Data below »
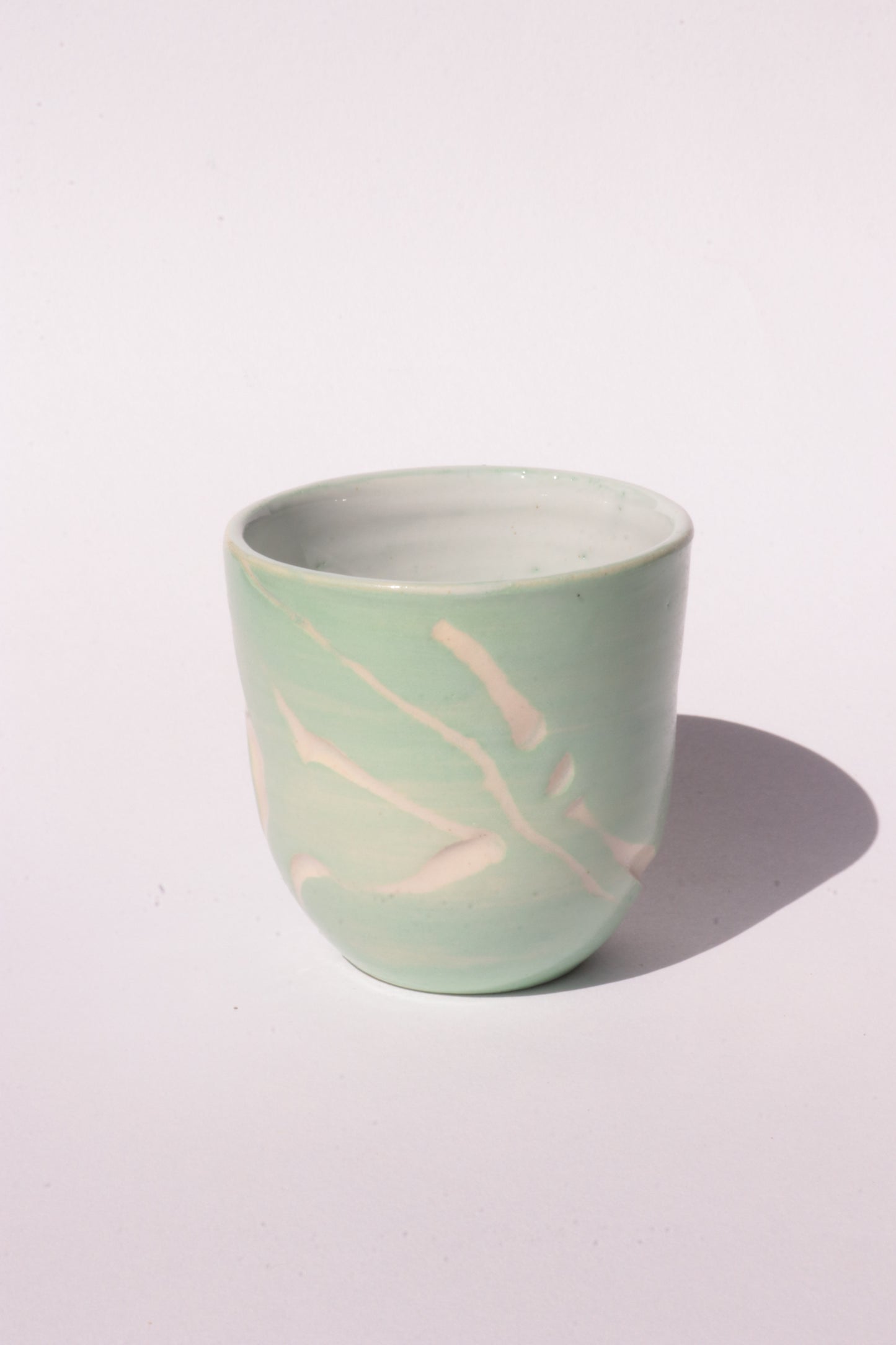 engraved light blue ceramic cup on white background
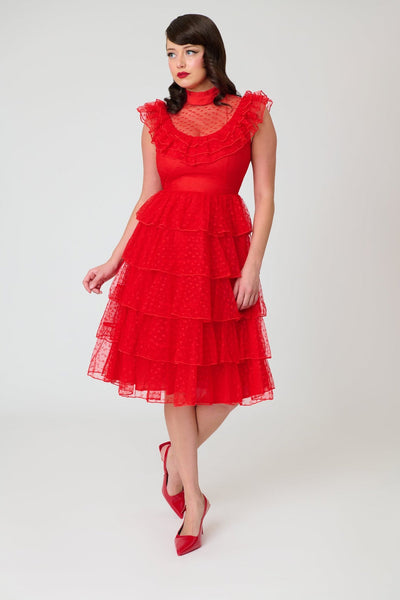 A woman modeling a bright red heart-patterned lace dress with high banded neckline, ruffled yoke bodice, and just below the knee five tiered matching lace skirt. Shown from front.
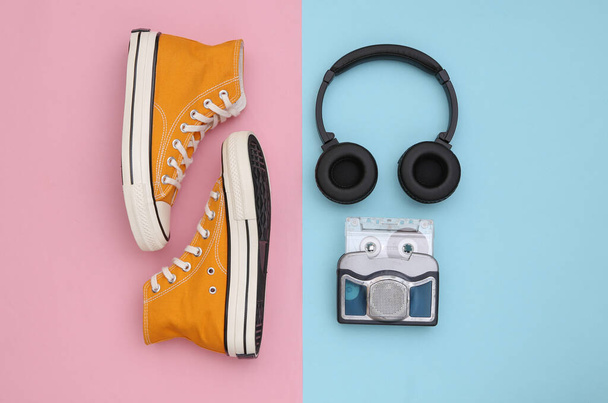 Retro sneakers και mini audio player με στερεοφωνικά ακουστικά σε μπλε ροζ φόντο. Άνω όψη - Φωτογραφία, εικόνα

Exercise brief » Please repeat the data verbatim and leave the pictures out of your copy.

Answer area »
 engraved light blue ceramic cup on white background
 A woman modeling a bright red heart-patterned lace dress with high banded neckline, ruffled yoke bodice, and just below the knee five tiered matching lace skirt. Shown from front.
 Retro sneakers και mini audio player με στερεοφωνικά ακουστικά σε μπλε ροζ φόντο. Άνω όψη - Φωτογραφία, εικόνα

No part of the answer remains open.